I have a great, flavorful, vegetarian meal for you today. One that will have you firing up the grill! Or at least pulling out the grill pan since it getting rather nippy up here as we move into November. Chilly or warm, I’m still happy to make tasty food with big, Mediterranean flavors like this grilled eggplant sandwich with halloumi and tapenade mayonnaise.
Recently I was looking in my fridge at some of my tapenade mayonnaise and a couple of eggplants I had picked up at the store, while trying to think of what to make for dinner that evening. Since tapenade mayo makes a GREAT sandwich spread, I played with the idea of making grilled eggplant sandwiches. It seemed like it would be easy to make and I’m always on the lookout for tasty, vegetarian main courses.
A little more thinking and trip to the market later, and I had some nice, thick bread, a package of halloumi cheese, and a bunch of basil on hand. I turned on the grill and everything started off swimmingly. I brushed the eggplant with olive oil and grilled it; then brushed the bread and got that started. All good so far!
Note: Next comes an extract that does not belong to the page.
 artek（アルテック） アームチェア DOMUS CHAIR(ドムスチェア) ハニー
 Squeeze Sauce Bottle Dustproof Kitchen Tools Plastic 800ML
Until I tried to grill the halloumi.
It melted! And stuck to the grill! This is far from the first time I’ve grilled halloumi, but it was a different brand I used before. I barely got this brand off of the grill before it completely dripped through the grates. What a mess. 🙁 At least I did get it off the grill so we could try the flavors together to see if it was winner and I should make it again. (Full disclosure: It was a winner. 🙂 )
So, I went to store and got another brand of halloumi and grilled it up.
And it melted. Yeah. While halloumi may tout itself as the ‘grilling cheese,’ I’m a bit wary now of trusting that. If you have a brand you know and trust and have grilled before, go for it. For everyone else, Grill Pans are awesome! Honestly, they give the halloumi a really great crust and you can get it all gooey before you take it off, which is perfect for the eggplant sandwich.
Also, a grill pan is just a good pan to have on hand in general. They are great for paninis or for indoor, winter grilling or for grilling dishes like yogurt marinated kebabs which are quite the mess on the grill but clean up easy in the pan.
In fact, I love using a grill pan for the whole sandwich. You can easily fit everything for a single eggplant sandwich into a mid-sized grill pan and have a yummy lunch in a flash. Or do it in a few stages for a family dinner. If I were to do it in stages, I’d probably cook up the eggplant first. It takes the longest and I can putter about slicing the cheese and washing the basil and setting out the bread. Then I’d set out the cheese on one side of the grill pan while I grill up slices of bread on the other.
Once the cheese is done, assemble the sandwiches, open up a nice bottle of wine, and eat!
– Happy Eating, Annemarie
Wine Pairing: I find this dish goes very nicely with a fruity red, such as Zinfandel or Shiraz; or with a full bodied Chardonnay.
- 2 tbsp olive oil
- 1 inch large eggplant cut into about 12 1/2 slices, or 2 small
- 4 slices thick of crusty artisanal bread
- 8 oz halloumi cheese cut into 8 slices
- 1 leaves bunch fresh basil
- 2 tbsp pine nuts optional
- 1 recipe Tapenade Mayonnaise
- Preheat the grill or heat a grill pan on medium.
- Brush the eggplant slices with olive oil and grill, covered, on medium heat until tender and cooked through, about 3-4 minutes per side. Transfer the eggplant to a serving platter. Then brush the bread with olive oil and lay it on the grill. Grill on both sides until you have nice grill marks on the bread, 1-2 minutes per side. Lastly, grill the halloumi until it's browned and a bit soft in the middle, 30-45 seconds per side.
- Lay a slice of bread on a cutting board. Spread with tapenade mayonnaise. Layer on basil, eggplant, and halloumi. Add some more tapenade mayo on top if you wish. Sprinkle with pine nuts. Cut the sandwich in half and transfer to a plate. Repeat for the remaining sandwiches.
- Some brands of halloumi are softer and more difficult to grill than others. You can test if the cheese is easily grillable by putting one slice on to see how it does.
- However, a grill pan is a great way to get the halloumi really brown and soft for the sandwiches. If you are looking for a nice, brown crust on the cheese, skip the grill entirely and use the pan instead.
- For the grill pan the times are about the same as for the grill, though you may need to cook the ingredients in batches depending on the size of your pan.